Tire Paradise
Ah, advertising. I've seen this sign before and finally had my camera along today. The sign says "Paradise of Tires." (They probably mean "A Paradise of Tires" for your pleasure, but Czech does not have an equivalent indefinite article so it's impossible to say.) I can't help but wonder how a tire might imagine paradise--would there be clear skies or lots of acrid black smoke, hot weather or cold, cobblestone streets or asphalt? Would there be music?

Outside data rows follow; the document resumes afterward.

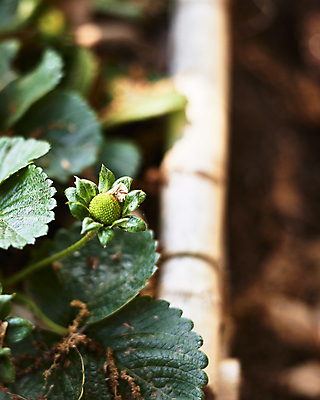 포토 JPG 해외이미지 식물 열매 꽃잎 꽃 음식 잎 꽃무늬 밭 농업 자연 하늘 딸기 씨앗 사람없음 야외 목재 가로 초록색 컬러풀 노란색 봄 들꽃 벚꽃 신선 작음 자르기 가득함 유기농 원예 파란배경 러시아 채소밭 떠남 묘목 카피스페이스 해외포토 나무 웰빙 계절 유럽 산업 컬러 백그라운드 무늬 과일 재료 모션 취미 파란색 공백 크기 생태계 파일형식 이미지허브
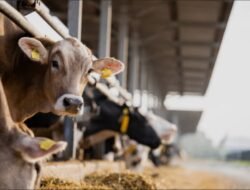 Bantuan Daging Meugang Lebaran dari Presiden Cair, Bener Meriah Terima Rp4,5 Miliar untuk 91 Desa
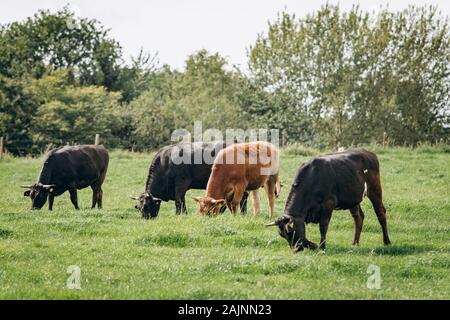 Groupe de vaches broutant dans un pré vert. Les vaches paissent dans la ferme Banque D'Images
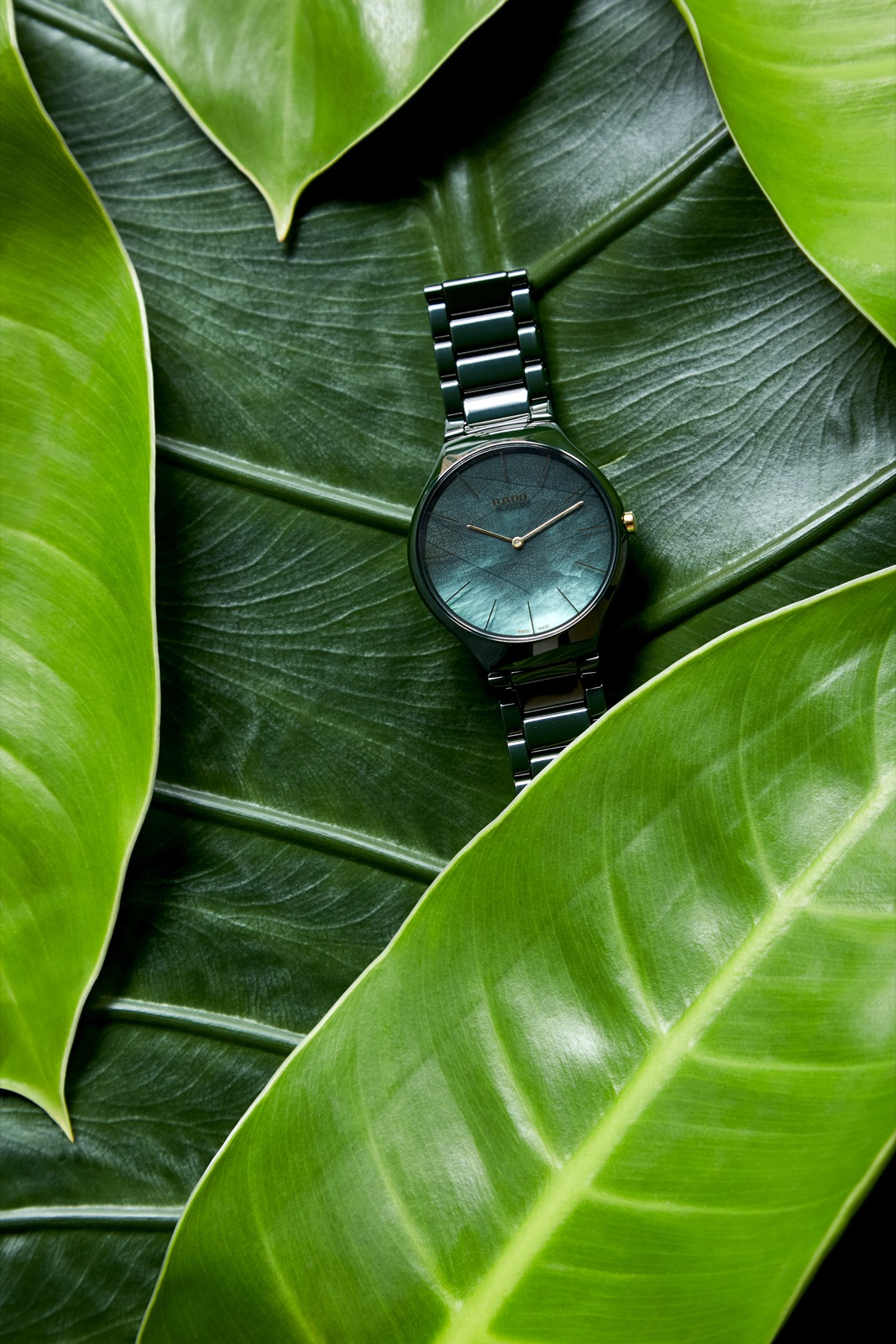Rado True Thinline Nature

Sometimes it seems that capitalism hit too fast: everyone wants to sell their products by any means necessary. There are many advertising strategies, most of which lead to the surprising amount of advertising in public space. This is overbearing, though rarely offensive. At least half of the trams in Brno are painted with advertisements--classic trams are red and white, but many are yellow (a travel agency), blue (Tesco), flower-covered (gardens?), and more. In Prague, the beatiful mediaeval tower next to the Mánes gallery has been covered with different advertising banners every time I saw it this fall. (Ironically, it was once a water advertisement on a tower that stands on the banks of the Vltava river.) Advertising banners also hang from the sides of many apartment buildings and even some houses.* Of course, in most cases the apartment blocks are not very inspiring to look at without the advertising so it doesn't really matter; if someone is making a little extra money by renting their building's exterior, so be it. At worst the advertising is disconcerting--for example the ads soliciting "pretty girls" with a "knowledge of English" for internet companies with "foreign clientele"--and at best entertaining.
* These also remind me of the scene in Goodbye, Lenin where the mother sees the Coca-Cola advertising being unfurled on a neighboring apartment block in the former East Berlin. If you are interested in former communist countries and haven't seen this movie, you should.